Required work. Write out the line with "Aircraft Photo of" and every later line through the end of the data below, exactly as given, with no pictures in the copy.

Captioned web image data
━━━━━━

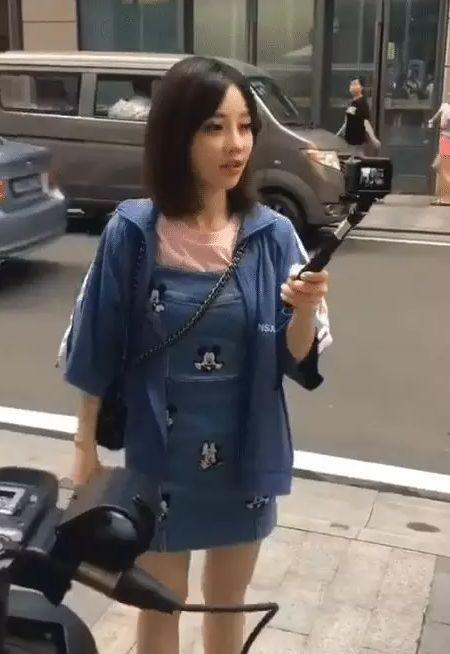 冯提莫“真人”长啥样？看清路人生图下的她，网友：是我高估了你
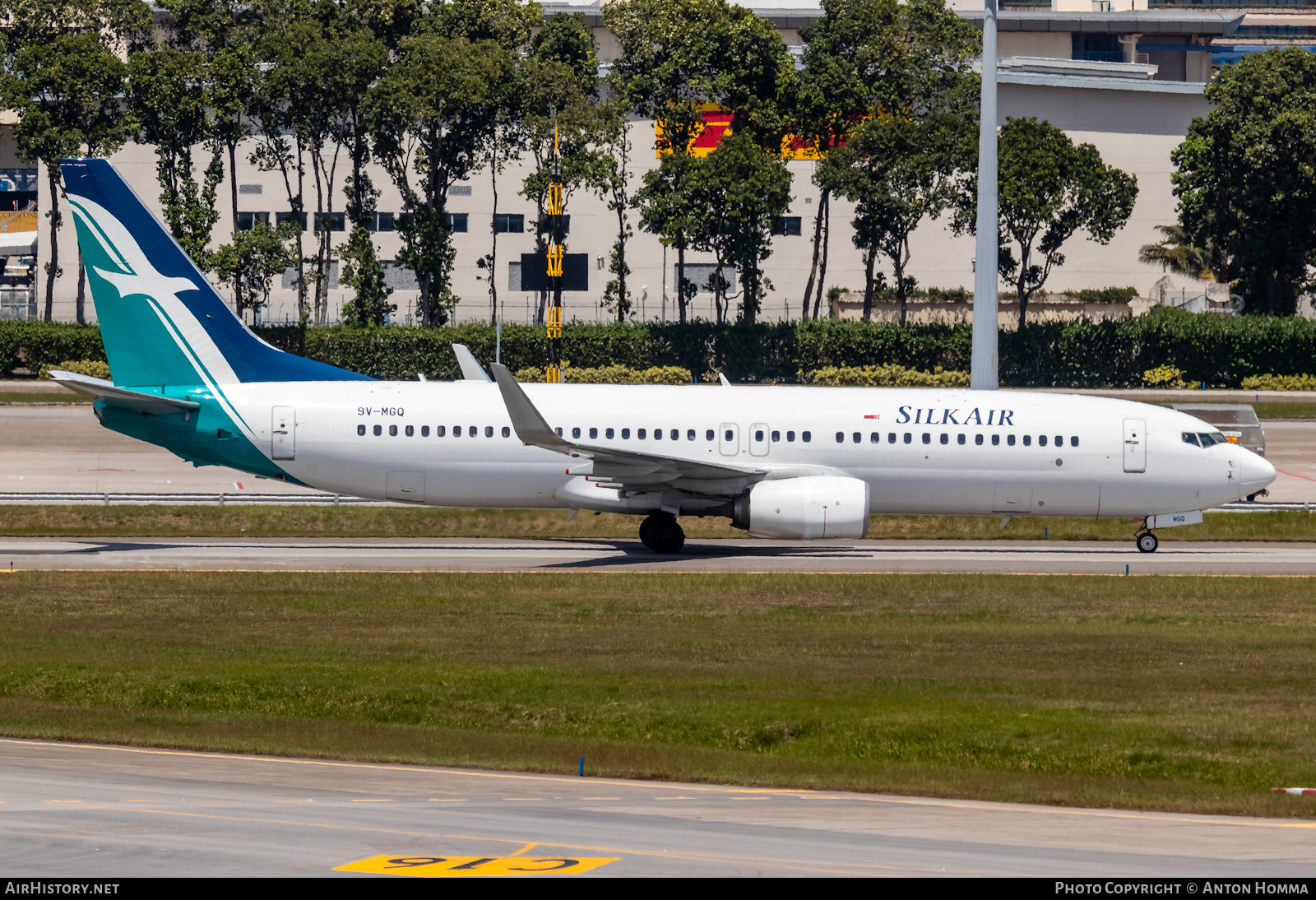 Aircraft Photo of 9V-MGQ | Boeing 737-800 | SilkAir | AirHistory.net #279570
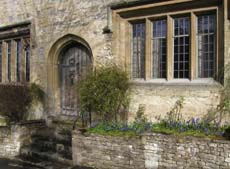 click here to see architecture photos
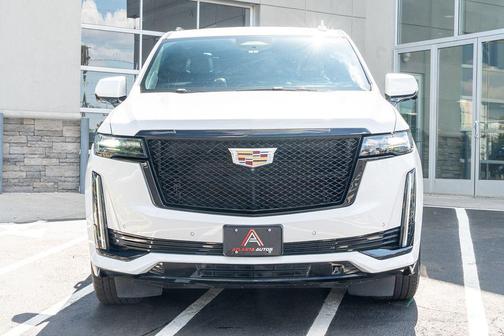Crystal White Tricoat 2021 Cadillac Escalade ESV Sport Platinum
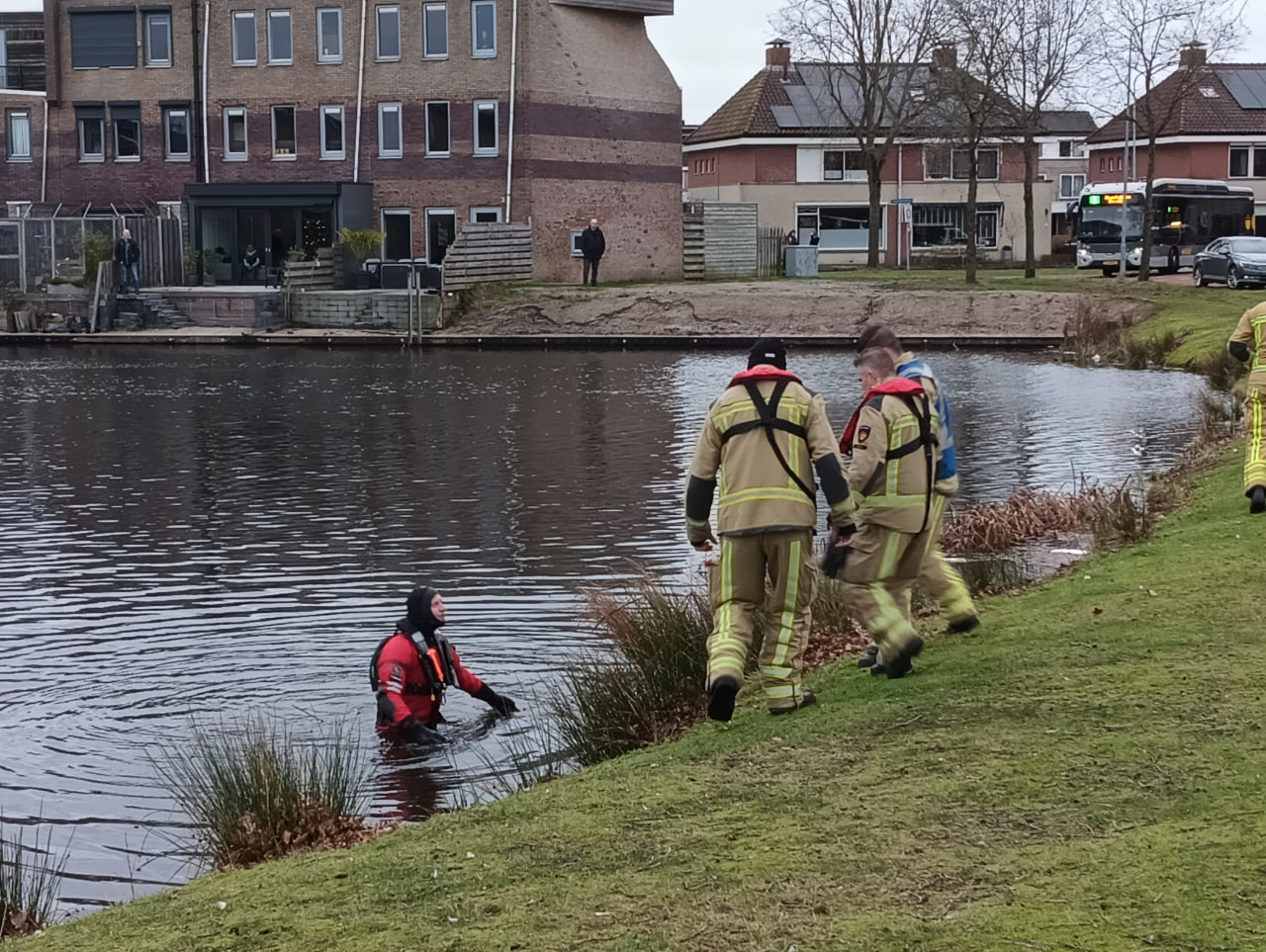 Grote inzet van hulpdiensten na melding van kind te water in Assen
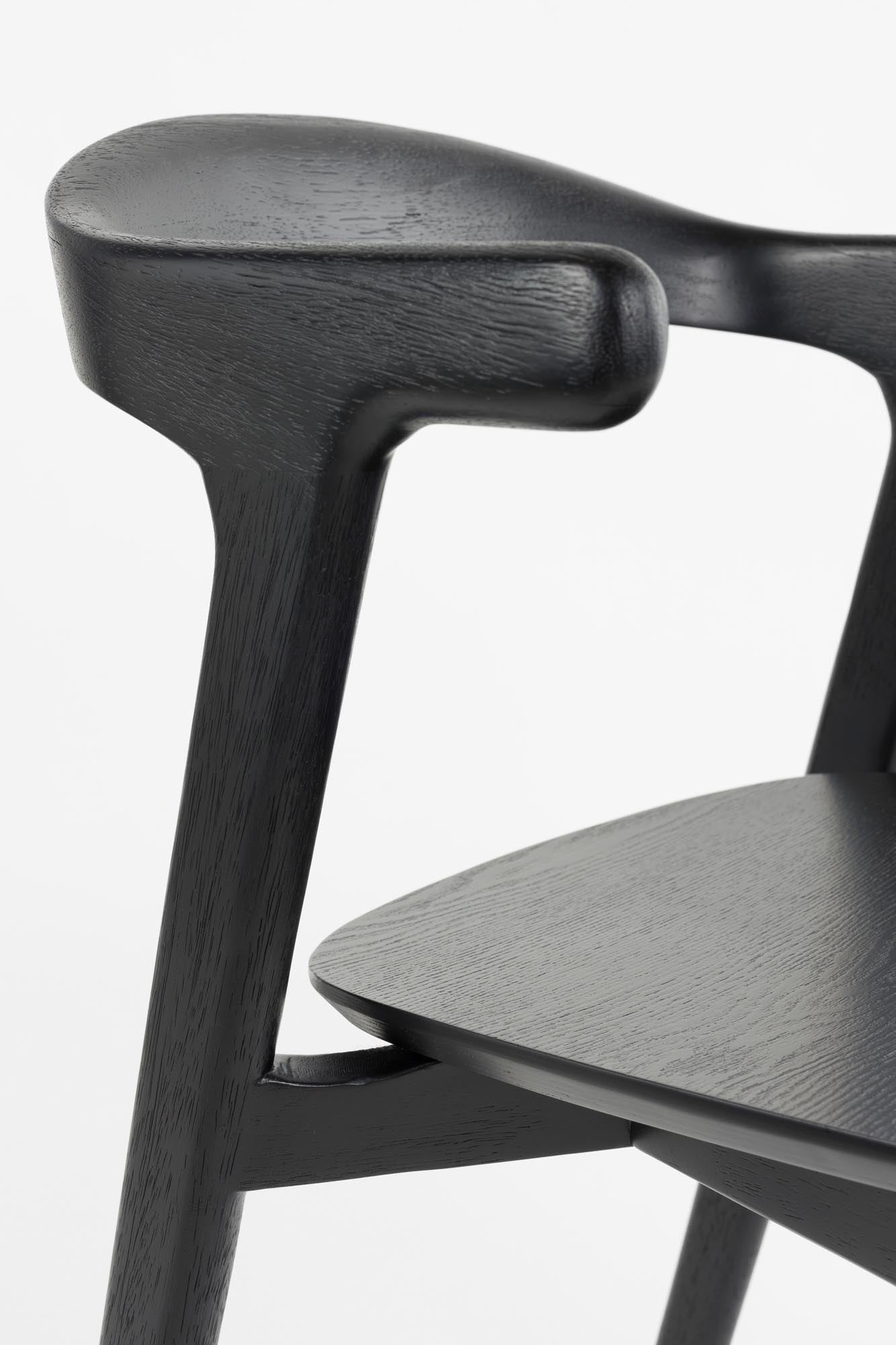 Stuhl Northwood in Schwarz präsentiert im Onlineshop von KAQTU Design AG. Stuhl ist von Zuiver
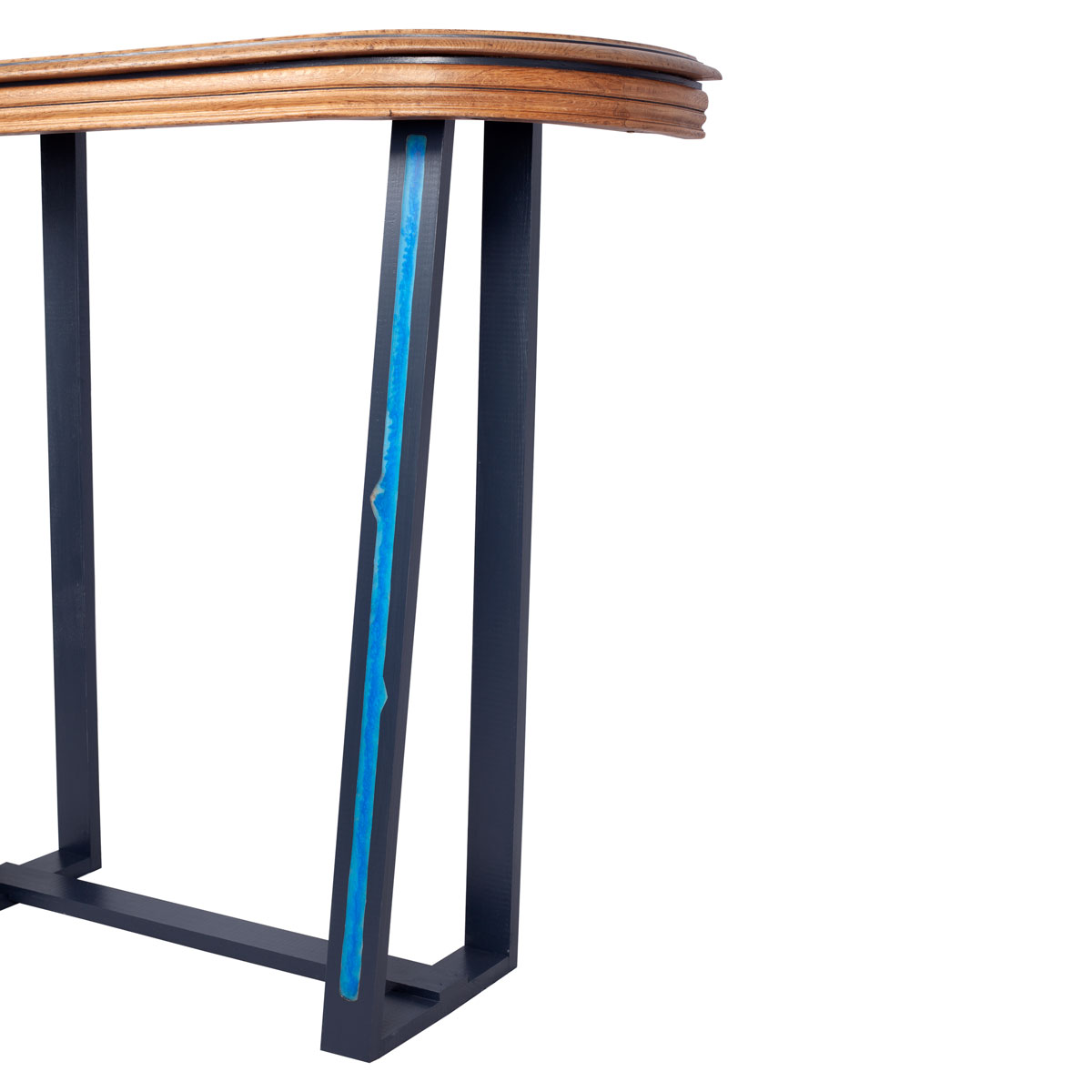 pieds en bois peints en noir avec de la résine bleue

━━━━━━

Result.
 Aircraft Photo of 9V-MGQ | Boeing 737-800 | SilkAir | AirHistory.net #279570
 click here to see architecture photos
Crystal White Tricoat 2021 Cadillac Escalade ESV Sport Platinum
 Grote inzet van hulpdiensten na melding van kind te water in Assen
 Stuhl Northwood in Schwarz präsentiert im Onlineshop von KAQTU Design AG. Stuhl ist von Zuiver
 pieds en bois peints en noir avec de la résine bleue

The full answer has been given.